The OS Specific Part
That data structure (created by the keyboard driver) is typically standardized by the OS as a "user input event" (so, same "event" data structure for keyboard, mouse, touchscreen, joystick, ...).
That "user input event" is sent from driver via. some form of inter-process communication (pipes, messages, ...) to something else (e.g. GUI). This inter-process communication has 2 common behaviors - if the receiving program is blocked waiting to receive an event then the scheduler unblocks it (cancels the waiting) and schedules it to get CPU time again; and if the receiving program isn't waiting the event is often put on a queue (in memory) of pending events.
Of course often there's many processes involved, and the "user input event" might be forwarded from one process (e.g. input method editor) to another process (e.g. GUI) to another process (e.g. whichever window has keyboard focus). Also (for old legacy command line stuff) it might end up at a translation layer (e.g. terminal emulator) that converts the events into a character stream (stdin) while destroying most of the information (e.g. when a key is released).
The Language Specific Part
To get the event from high level code, it depends what the language is and sometimes also which library is being used. The most common is some kind of "getEvent()" that causes the program to fetch the next event from its queue (from memory); and may cause the program to wait (and not use any CPU time) if there isn't any event get yet. However, often that is buried further, such that you register a callback and then when something else calls "getEvent()" and when it receives an even it calls the callback you registered; so it might end up like (e.g. for Java) public boolean handleEvent(Event evt) { switch (evt.id) { case Event.KEY_PRESS: ....

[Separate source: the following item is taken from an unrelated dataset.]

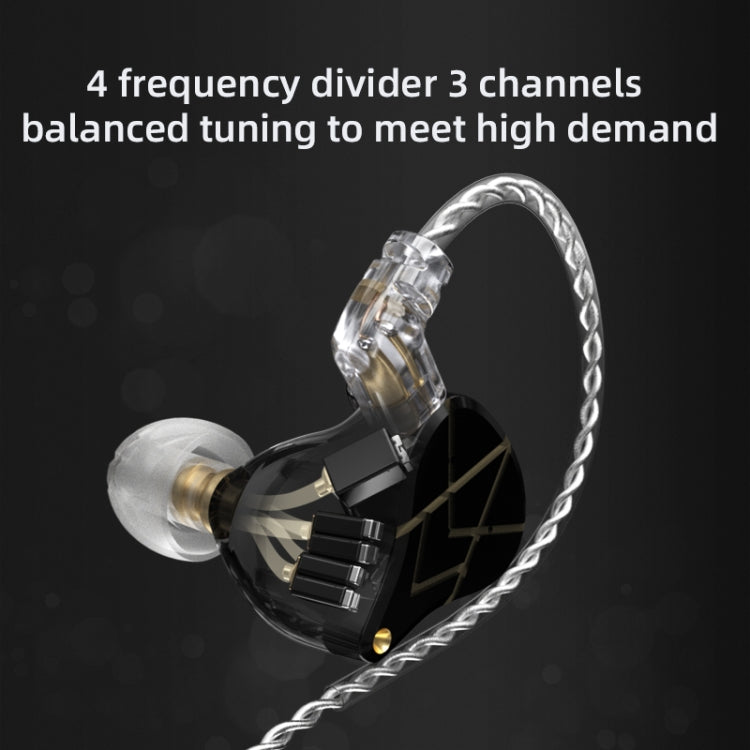 KZ ASX 20-unit Balance Armature Monitor HiFi In-Ear Wired Earphone No Mic(Black) - In Ear Wired Earphone by KZ | Online Shopping South Africa | PMC Jewellery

The keyboards are mostly USB today. On most computers, including ARM computers, you have a USB controller implementing the xHCI specification developed by several major tech companies. If you google "xhci intel spec" or something similar, the first link or so should be a link to the full specification.
The xHCI spec requires implementations to be in the form of a PCI device. PCI is another spec which is developed by the PCI-Seg group. This spec specifies everything down to hardware requirements. It is not a free spec like xHCI. It is actually quite expensive to obtain (around 3k$).
The OS detects PCI devices using ACPI or similar specifications which can sometimes be board specific (especially for ARM because all x86 based computers implement ACPI). ACPI tables, found at conventionnal positions of RAM, mention where to find base addresses of the memory mapped configuration space of each PCI device.
The OS interacts with PCI devices using registers that are memory mapped in RAM. The OS reads/writes at the positions specified by ACPI tables and by the configuration spaces themselves to gather information about a certain device and to make the device do operations on its behalf. The configuration space of a PCI device have a general portion (the same for every device) and a more specific portion (device dependent). In the general portion, there are BAR registers that contain the address of the device dependent portion of the config space. Each implementer of the convention can do whatever they want with the device specific portion. The general portion must be somewhat similar for every device so that the OS can properly detect and initialize the device.
Today, each type of device have to respect a certain convention to work with current computers. For example, hard-disks will implement SATA and the board will have an AHCI (a PCI SATA controller). Similarly, keyboards will implement USB and the board has an xHCI.
The xHCI itself have complex interaction mechanisms. A summary for keyboards, is that the OS will "activate" the interrupt IN endpoint of the keyboard. The OS will then place transfer requests (TRBs) on a circular ring in RAM. For interrupt endpoints, the xHCI will read one transfer request per time interval specified by the OS in a specific xHCI register. When the xHCI executes a TRB (when it does the transfer), it will post an event to another circular ring in RAM called the Event Ring. When a new event is posted, the xHCI triggers an interrupt. In the interrupt handler, the OS will read the Event Ring to determine what happened. For a keyboard, the OS will probably see that a transfer was done and read the data. Most often, keyboards will return 8 bytes. Interpretation of each byte is the keys that were pressed at the moment of the transfer. The bytes contain conventional scancodes. So they are not directly in UTF-8 or ASCII format. There is one scancode per keyboard key. It is up to the OS to determine what to do depending on the keyboard key. For example, if the data says that the 'A' key is pressed, then the OS can look if the 'SHIFT' key is pressed to determine if the 'A' should be uppercase or lowercase. If the next report says that the 'A' key is not pressed than the OS should consider this as a release of the key (the user released the key). In other words, the keyboard is polled by the OS at certain intervals.
The interrupt handler will probably pass the key to other portions of the kernel and save the key to a process specific structure. The process will probably poll a lock protected buffer that will contain events. It could also be a system wide buffer that simply contains all events.
The higher level implementation probably varies between OS. If you understand the lower level inner workings than you can probably imagine how an OS will work. It is certain that the whole things is very complex because CPUs nowadays have several cores and caches and other complex mechanisms. The OS must make sure to work seamlessly with all these mechanisms so it is quite complex but achievable. To understand the whole thing, you'd probably need to understand the whole OS. It has lots of ramifications in other OS concepts.

Related

How often do operating systems poll key inputs?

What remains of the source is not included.